There’s an interesting post on The Guardian books blog today: The true price of publishing.

Most people instinctively feel that ebooks should be substantially cheaper than paper books, because an ebook is not physically “made”: there are no printing costs. But if, says Levine, the real value of a book resides in the “text itself”, then the delivery method shouldn’t much matter. The fixed costs – acquiring, editing, marketing – remain unchanged.

That’s a tough argument to get across, I think, because Amazon in particular has been very aggressive with ebook pricing. Because ebooks are cheap, Joe and Jane Public expect future ebooks to be cheap too. They neither know nor care that VAT wipes out most of the production cost difference (VAT is levied on ebooks but not printed ones).

Aggressive pricing isn’t new, of course. Amazon has been doing it with print for ages – when did you last pay the RRP for *anything* on Amazon? – and supermarkets often use books as loss-leaders. In most cases the winners aren’t the publishers or the authors; they’re Amazon, and the supermarkets. You don’t really have a business without them, but their demands for discounts mean that it’s not much of a business with them.

This is something I want to come back to when I have a bit of time to do the subject justice: I think the aggressive pricing of ebooks by name authors with backlists to shift, and the rush to undercut their prices by almost every new ebook author out there, could be a form of collective career suicide. Once something’s devalued, it’s hard to change people’s perspectives of what constitutes fair pricing. Just ask the developers getting slagged on iTunes for daring to charge more than 79p for their apps.

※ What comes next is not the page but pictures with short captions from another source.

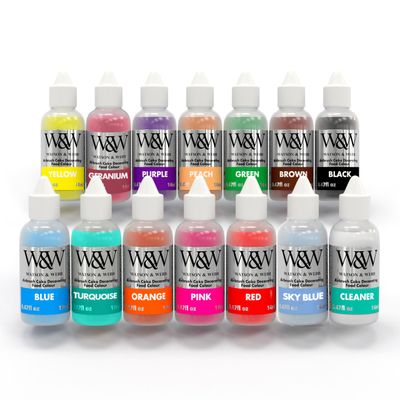 Airbrush Food Coloring Set - 13 x .35 fl.oz Bottles - Gluten Nut &amp; Lactose Free. Vegan - Non-Clogging Edible Paints for Decorating Cupcakes, Sweets, Chocolate, Cakes, Donuts, Cookies &amp; Biscuit Bakes.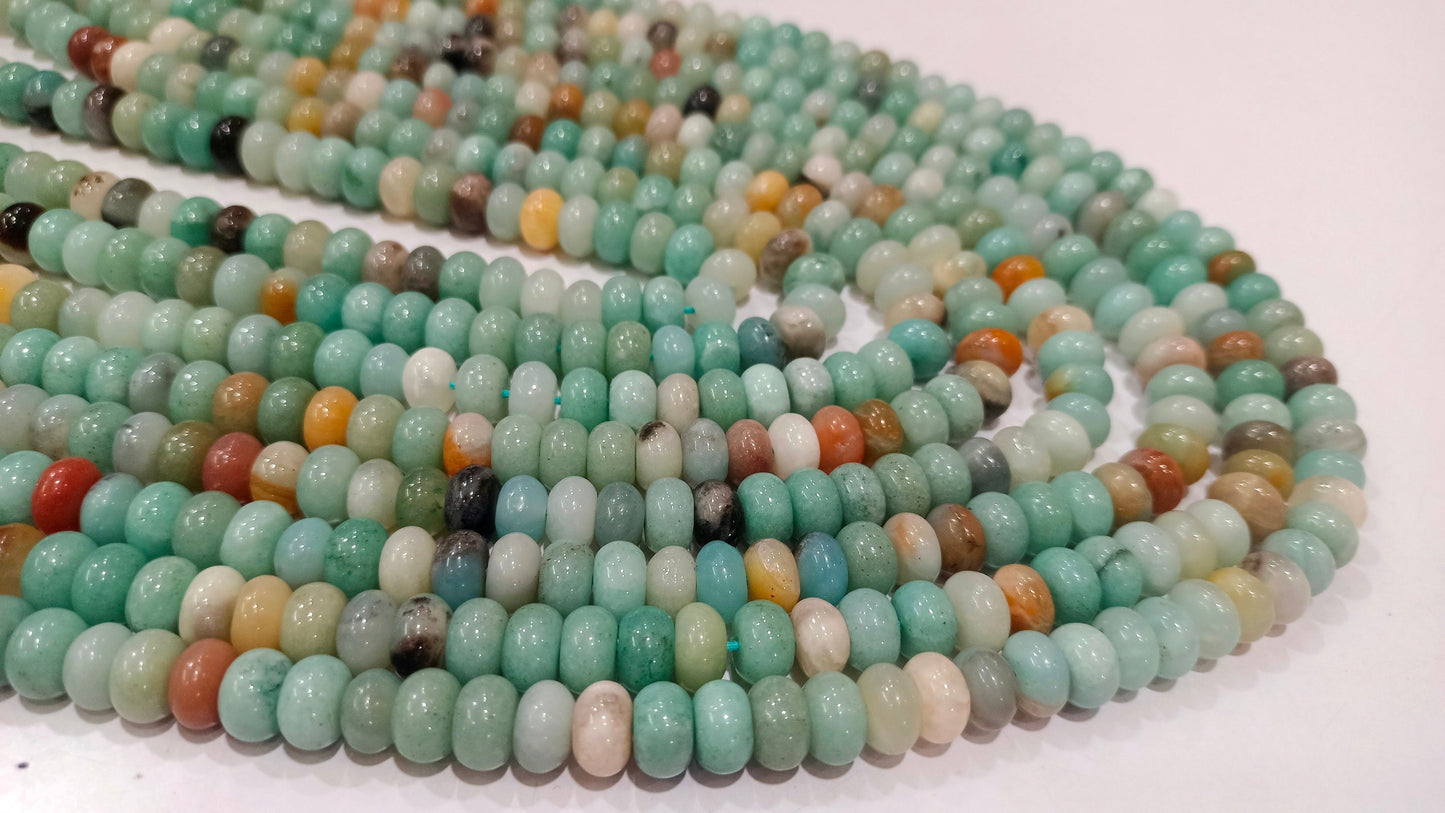 Natural Peruvian Opal  Rondelle plain smooth 8mm Beads Gemstone Beads Sold Per strand 8 inches Long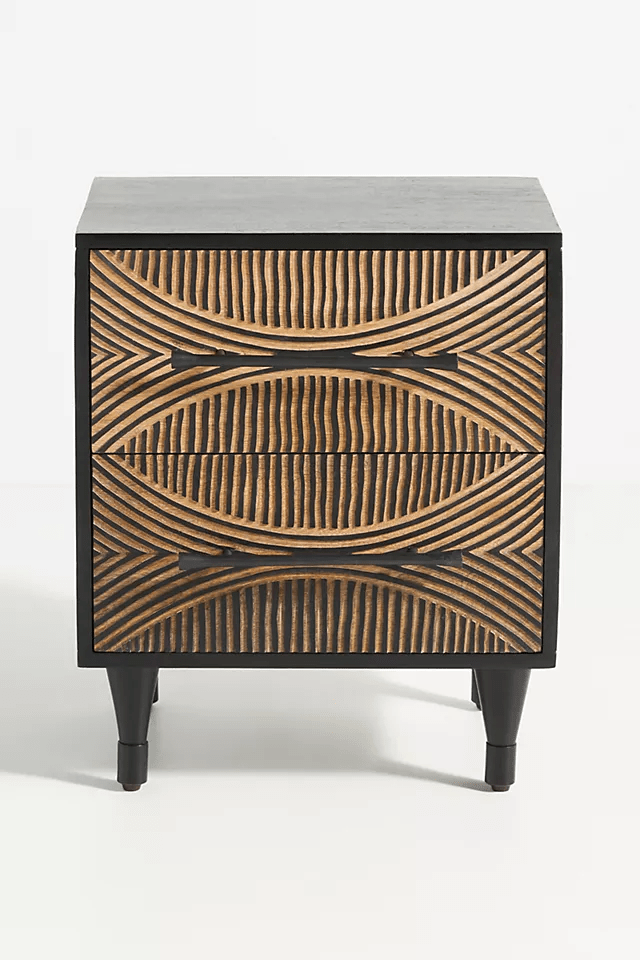 Hand Carved Thalia Nightstand - Solid Wood Bedside Table with Drawer | Handmade Wooden Furniture for Bedroom, Living Room & Guest Room | Rustic Home Decor & Storage Solution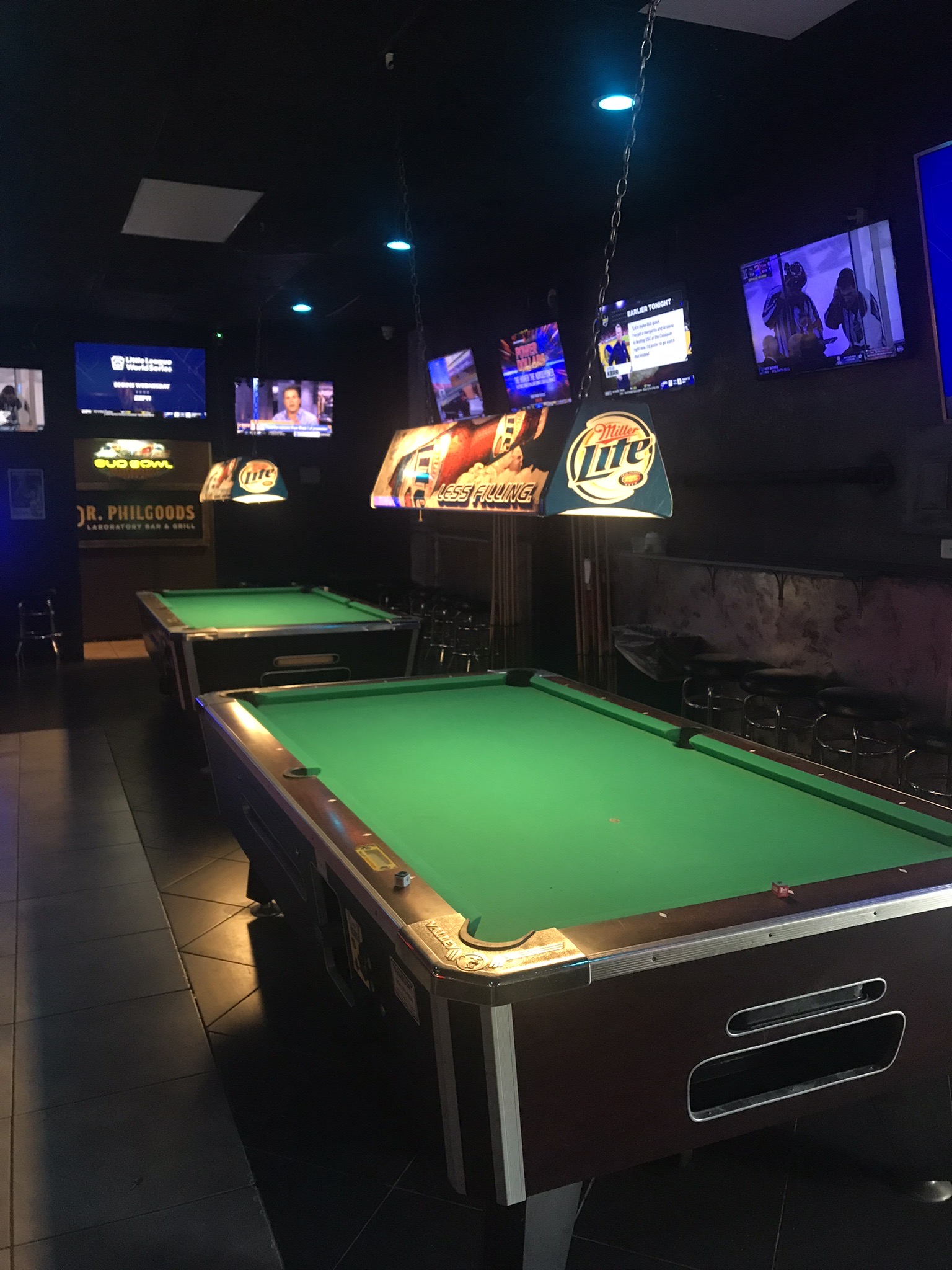 The pool tables at Dr.Philgoods Bar and Grill.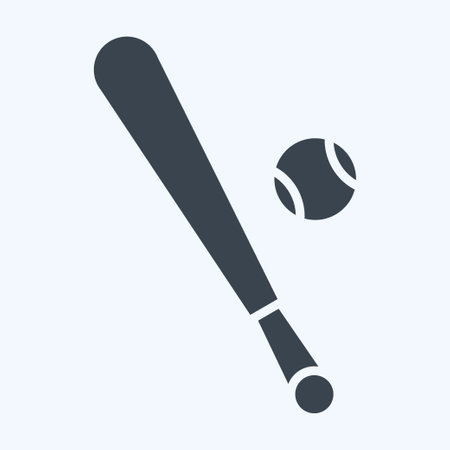 Icon Bat. related to Sports Equipment symbol. glyph style. simple design editable. simple illustrationのイラスト素材
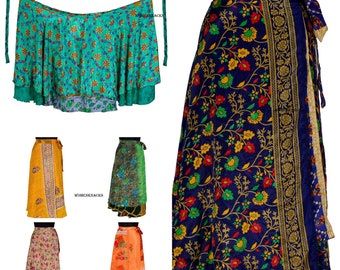 Boho Vintage Art Silk Sari Rok Dames Magic Wrap Dubbellaags Rokken, Maxi Rokken Strandkleding Sarong Rokken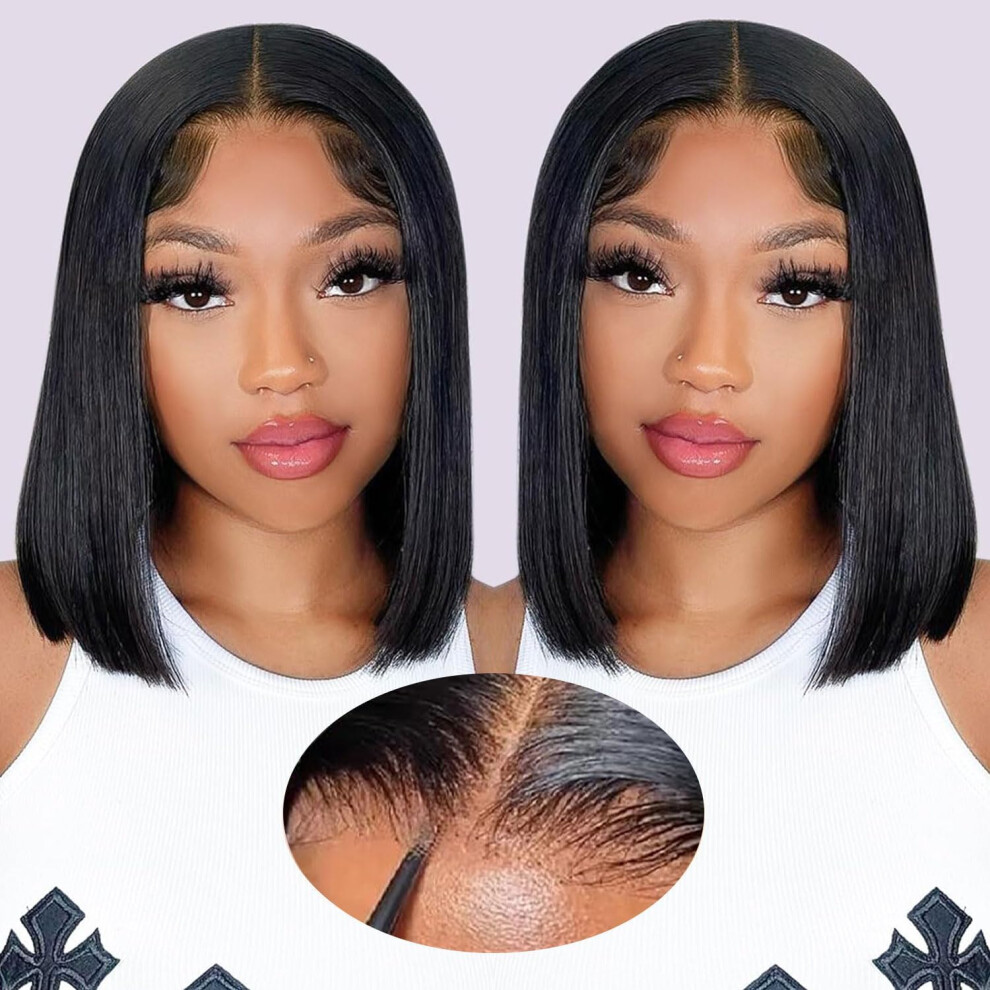 Bob Wig Human Hair 10 Inch Straight Glueless Lace Front Pre Plucked HD Transparent Lace
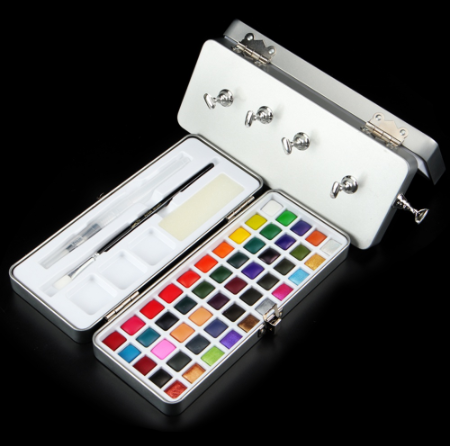 SeamiArt 50color Basic Metallic Color Solid Watercolor Nail Painting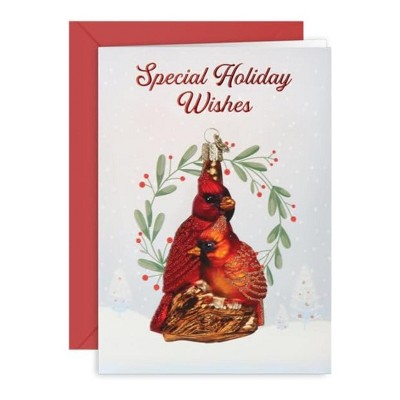 Old World Christmas Ornament Christmas Card, Cardinal, 7" x 5"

According to The Times, most books don’t sell:

Last month [in 2008] Nielsen Bookscan, which tracks book sales nationwide, showing that, of 200,000 books on sale last year, 190,000 titles sold fewer than 3,500 copies. More devastating still, of 85,933 new books, as many as 58,325 sold an average of just 18 copies. And things aren’t much better over the pond: I read recently that, of the 1.2million titles sold in the United States in 2004, only 2 per cent sold more than 5,000 copies.

If the public comes to expect professional cover design, production and editing at amateur-hour prices, I suspect there’s going to be precious little profit for the overwhelming majority of ebook authors. Even if you do 3,500 copies, if you’re doing them on the Kindle store at 99p a pop then your entire take is £1,050 before tax.

Most writers will be lucky to do one tenth of those sales: in 2007, the Guardian reported that “the average sale of a hardback book by a first-time writer is 400 copies”. That’s £120 in Kindle money. If you’re doing things the DIY way and paying for a cover designer and an editor, you’re going to make a significant loss.

I’m not arguing that nobody can make money from ebooks. Of course they can. Some are shifting tens of thousands of books, and making tidy sums out of it. But it’s important to remember that they’re the exceptions.

I’ll come back to this soon, I’m sure.